Numerous optional steps may be performed at this point such as denoising, sharpening, or other color adjustments. To stay concise, such enhancements are omitted from this sample, although the GPU is also very well suited for these tasks. Finally, the last stage applies a nonlinear gamma, if desired.
36.3. Algorithms, Implementations, and Evaluations
Obviously, a GPU implementation of de-mosaicing benefits from the massive parallelism of GPUs. Equally important to achieve high throughput is proper memory management and memory access patterns. Although GPUs have tremendous memory bandwidth, in excess of 100 Gb/s on the fastest cards, with the sheer amount of calculation necessary per pixel, the limit to achieve real-time performance is quickly surpassed when reading directly from uncached memory. Graphics shader programmers, on the other hand, will be familiar with using textures to read image data. Texture reads are cached and provide significant improvement over reading directly, but the cache size is limited, not under programmer control, and there is no provision for storing or sharing intermediate calculations without writing back to the GPU's external DRAM, or global memory (GMEM). In the CUDA architecture, NVIDIA added shared memory (SMEM), an extremely fast user-managed on-chip memory that can be shared by multiple threads. SMEM is perfect for storing source pixel information and will form the backbone of our de-mosaicing implementation.
The provided source contains implementations of GPU de-mosaicing using a few different methods: bilinear interpolation, Lanczos [2] interpolation, a gradient-modified interpolation [3] and the Patterned-Pixel Group method [4] . The particular details of the methods will be discussed later after a look at the overall application.

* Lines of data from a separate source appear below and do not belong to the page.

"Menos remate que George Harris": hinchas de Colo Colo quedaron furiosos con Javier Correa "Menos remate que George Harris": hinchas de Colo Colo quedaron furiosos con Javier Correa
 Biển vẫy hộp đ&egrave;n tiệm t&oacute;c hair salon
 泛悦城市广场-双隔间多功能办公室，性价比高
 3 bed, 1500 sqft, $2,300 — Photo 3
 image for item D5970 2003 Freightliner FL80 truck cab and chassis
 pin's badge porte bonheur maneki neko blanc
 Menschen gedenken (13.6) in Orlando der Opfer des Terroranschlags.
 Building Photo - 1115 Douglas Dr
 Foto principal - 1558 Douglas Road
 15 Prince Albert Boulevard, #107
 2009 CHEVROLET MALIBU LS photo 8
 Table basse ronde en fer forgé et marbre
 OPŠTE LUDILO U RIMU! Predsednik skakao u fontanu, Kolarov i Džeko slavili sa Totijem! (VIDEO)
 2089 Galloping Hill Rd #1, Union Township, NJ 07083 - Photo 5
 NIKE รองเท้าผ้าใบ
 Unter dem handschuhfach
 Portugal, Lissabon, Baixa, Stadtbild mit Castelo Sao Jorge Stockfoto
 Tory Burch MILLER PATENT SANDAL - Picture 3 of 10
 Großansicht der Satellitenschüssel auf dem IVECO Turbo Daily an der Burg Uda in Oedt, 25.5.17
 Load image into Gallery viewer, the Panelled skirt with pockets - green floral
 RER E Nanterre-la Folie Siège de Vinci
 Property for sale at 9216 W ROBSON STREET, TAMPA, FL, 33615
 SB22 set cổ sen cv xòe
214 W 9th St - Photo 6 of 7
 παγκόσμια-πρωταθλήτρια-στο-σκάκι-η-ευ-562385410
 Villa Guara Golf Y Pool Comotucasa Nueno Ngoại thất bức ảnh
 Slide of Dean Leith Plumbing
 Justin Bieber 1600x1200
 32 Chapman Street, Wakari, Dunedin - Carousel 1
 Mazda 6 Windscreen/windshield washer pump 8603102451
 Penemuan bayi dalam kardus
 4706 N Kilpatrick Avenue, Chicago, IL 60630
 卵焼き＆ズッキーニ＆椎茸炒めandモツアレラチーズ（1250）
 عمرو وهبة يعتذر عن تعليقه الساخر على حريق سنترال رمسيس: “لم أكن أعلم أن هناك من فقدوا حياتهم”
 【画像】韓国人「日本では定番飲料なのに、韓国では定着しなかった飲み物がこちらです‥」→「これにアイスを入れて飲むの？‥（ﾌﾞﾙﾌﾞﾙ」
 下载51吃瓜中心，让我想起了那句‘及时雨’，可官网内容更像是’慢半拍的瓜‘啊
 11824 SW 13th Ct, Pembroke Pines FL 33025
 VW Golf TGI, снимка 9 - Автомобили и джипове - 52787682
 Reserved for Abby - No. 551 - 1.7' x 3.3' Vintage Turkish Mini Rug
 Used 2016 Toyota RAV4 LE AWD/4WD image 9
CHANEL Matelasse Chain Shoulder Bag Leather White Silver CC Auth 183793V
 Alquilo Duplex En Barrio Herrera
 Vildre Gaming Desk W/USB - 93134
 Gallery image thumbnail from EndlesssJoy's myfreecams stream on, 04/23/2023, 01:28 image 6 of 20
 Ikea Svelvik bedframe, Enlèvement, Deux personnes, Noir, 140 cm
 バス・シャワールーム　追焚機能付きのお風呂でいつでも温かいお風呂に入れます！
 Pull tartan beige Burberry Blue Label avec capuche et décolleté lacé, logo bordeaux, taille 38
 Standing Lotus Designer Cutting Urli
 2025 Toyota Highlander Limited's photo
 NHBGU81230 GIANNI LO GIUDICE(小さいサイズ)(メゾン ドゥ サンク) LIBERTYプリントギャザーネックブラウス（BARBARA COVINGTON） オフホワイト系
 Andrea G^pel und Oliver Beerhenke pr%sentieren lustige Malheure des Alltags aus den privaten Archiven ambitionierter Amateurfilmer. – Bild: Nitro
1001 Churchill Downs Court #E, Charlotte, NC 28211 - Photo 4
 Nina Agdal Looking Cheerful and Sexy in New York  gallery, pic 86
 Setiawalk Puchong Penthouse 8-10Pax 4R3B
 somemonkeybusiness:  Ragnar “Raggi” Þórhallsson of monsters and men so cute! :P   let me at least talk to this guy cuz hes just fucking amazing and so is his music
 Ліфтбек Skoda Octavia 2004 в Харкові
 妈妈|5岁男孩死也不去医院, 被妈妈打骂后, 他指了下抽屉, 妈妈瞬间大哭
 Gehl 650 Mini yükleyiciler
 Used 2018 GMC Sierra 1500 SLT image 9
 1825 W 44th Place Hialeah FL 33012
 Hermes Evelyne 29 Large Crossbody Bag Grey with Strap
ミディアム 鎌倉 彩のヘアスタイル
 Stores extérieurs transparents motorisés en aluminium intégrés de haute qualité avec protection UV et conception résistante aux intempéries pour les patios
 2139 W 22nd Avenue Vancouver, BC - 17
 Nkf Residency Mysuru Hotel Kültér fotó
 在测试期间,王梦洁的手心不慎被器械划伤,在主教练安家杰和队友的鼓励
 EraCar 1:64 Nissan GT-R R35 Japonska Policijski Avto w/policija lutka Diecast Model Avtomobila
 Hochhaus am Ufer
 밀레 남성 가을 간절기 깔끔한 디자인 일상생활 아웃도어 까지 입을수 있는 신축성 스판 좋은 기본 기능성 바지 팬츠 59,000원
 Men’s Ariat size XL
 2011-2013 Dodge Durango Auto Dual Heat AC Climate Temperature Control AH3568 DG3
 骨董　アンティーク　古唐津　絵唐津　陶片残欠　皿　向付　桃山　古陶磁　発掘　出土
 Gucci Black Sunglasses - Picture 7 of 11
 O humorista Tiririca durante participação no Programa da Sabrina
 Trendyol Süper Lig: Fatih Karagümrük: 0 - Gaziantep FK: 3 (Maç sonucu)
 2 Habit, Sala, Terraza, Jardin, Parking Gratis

Start by examining the file main.cpp, which contains a single main() function with the entire application control. The first step is to create an OpenGL window to display the output image. The details of OpenGL display or CUDA/OpenGL interop are beyond the scope of this chapter and are not discussed here 1 ; a simple CudaGLVideoWindow class contains all the code necessary to draw the image on the screen.
1 CUDA/OpenGL interop is discussed in the NVIDIA CUDA Programming Guide. The user is also referred to a presentation entitled What every CUDA programmer needs to know about OpenGL from NVDIA'S 2009 GPU Technology Conference, available in the GTC 2009 archives at .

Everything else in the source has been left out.